Base64 Is Trivially Reversible
Decoding Base64 requires no key, no password, and no secret of any kind. Any Base64-encoded string can be decoded in seconds by any online tool. If you can see a Base64 string, you can see the data it contains. There is no security value in encoding alone.
Obfuscation Is Not Security
Some developers use Base64 to 'hide' sensitive values in source code or configuration files. This is security through obscurity at its worst. Any attacker sophisticated enough to target your application knows to decode Base64 immediately. It adds zero resistance to any attack.
Where Base64 Appears Legitimately in Security
HTTP Basic Authentication encodes 'username:password' in Base64 for transit compatibility — the actual security comes from TLS encryption of the transport layer. JWT tokens use Base64 to encode JSON payloads — security comes from HMAC or RSA signature verification, not encoding.

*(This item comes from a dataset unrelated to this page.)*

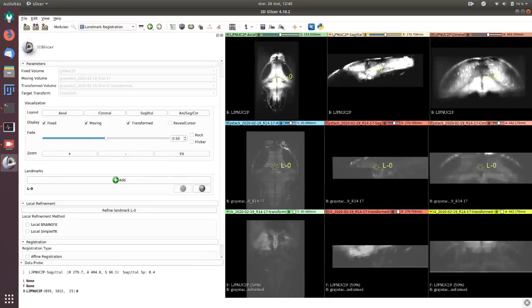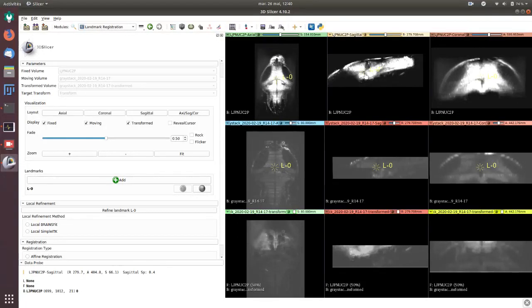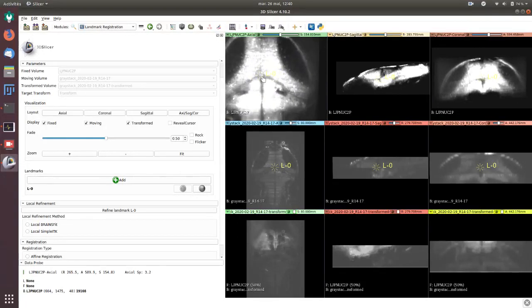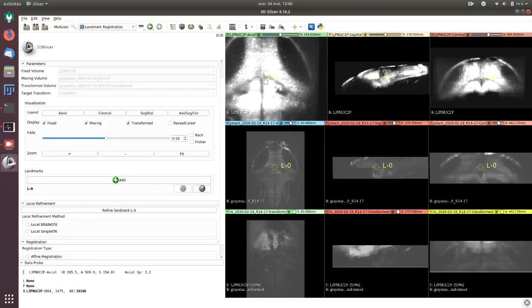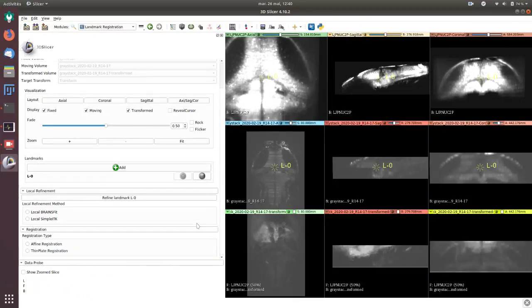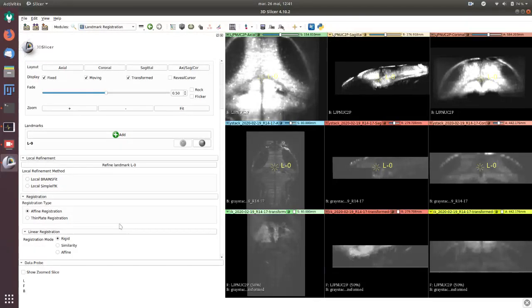Now you can see here a mix view. It does nothing because we didn't choose the registration type, so we are going to do a simple affine registration with a rigid and we can change this later.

Encoding Sensitive Data Correctly
Sensitive data requires encryption, not encoding. Passwords must be hashed with a purpose-built algorithm (bcrypt, Argon2). API keys require cryptographically random generation and secure storage. Base64 these things if format requires it, but the encoding itself provides nothing.
Base64 is a data format transformation, not a security mechanism. In any context where data security matters, encryption and hashing are required — Base64 is at most a transport-layer convenience on top of proper security.